The look that passes between Mom and Morpheus is full of knowing.

“Perhaps because your mum never made it quite that far?” Morpheus offers the answer up as a question. A sure sign he’s covering something.

“It wouldn’t matter,” I respond. “Sister One was keeping track of my progress the whole time I was in Wonderland, because of what she stood to gain if I passed the tests. She would’ve been doing the same with Mom. No.” I direct my next words to my mom. “You’ve never been there. You thought the Liddells were cursed. You didn’t know the truth, didn’t know what the tests were for. Not until I told you. Right, Mom? Right?”

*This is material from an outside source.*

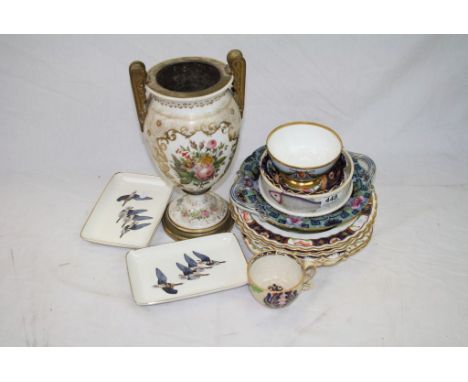 Collection of Ceramics including Early 20th century Copeland Spode Cabinet Bowl, 19th century Ceramic Urn with Handpainted Fl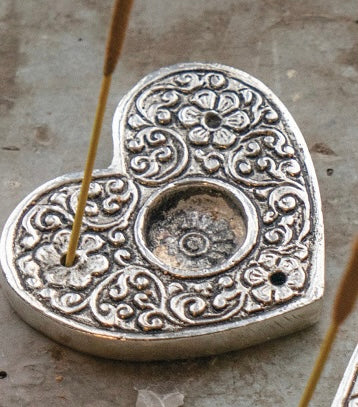 Metal Embossed Heart Shaped Incense Holder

She wipes her hands dry on a dish towel and starts toward the doorway. “Allie,” she says as she steps across the threshold, “let me explain.”

Morpheus follows her, his mouth on a severe slant. “You owe her more than an explanation. You owe her an apology for deceiving her all these years.”

“You’re one to speak of deception.” Mom seethes.

“Oh?” In a graceful flash of movement, Morpheus backs her to the wall without even touching her. Again, he keeps that distance between them, some invisible line he won’t cross. “You let me take the blame for Alyssa being pulled into Wonderland, for the disorder in her life. But it was you who turned your back on your commitments. You made a conscious choice that affected the future of any child you and Tommy-toes would ever have. It’s time you admit it.”

In the dimness, Mom’s platinum hair glows and writhes like slivers of living moonlight—as evocative as the plants in our lunar garden caught in a breeze. I’m paying such close attention to her, I don’t notice what’s happening with Morpheus until he growls.

The moths on his hat’s brim flap, as if resurrected. They lift the hat off his head, and he has to leap for it. The corners of Mom’s lips quiver, fighting a smug smile.

She’s manipulating their wings.

I suppress the scream building in me, unable to deny what’s right in front of my eyes: the magic inside her that I thought had never been tapped is alive, because she’s been to Wonderland … and back.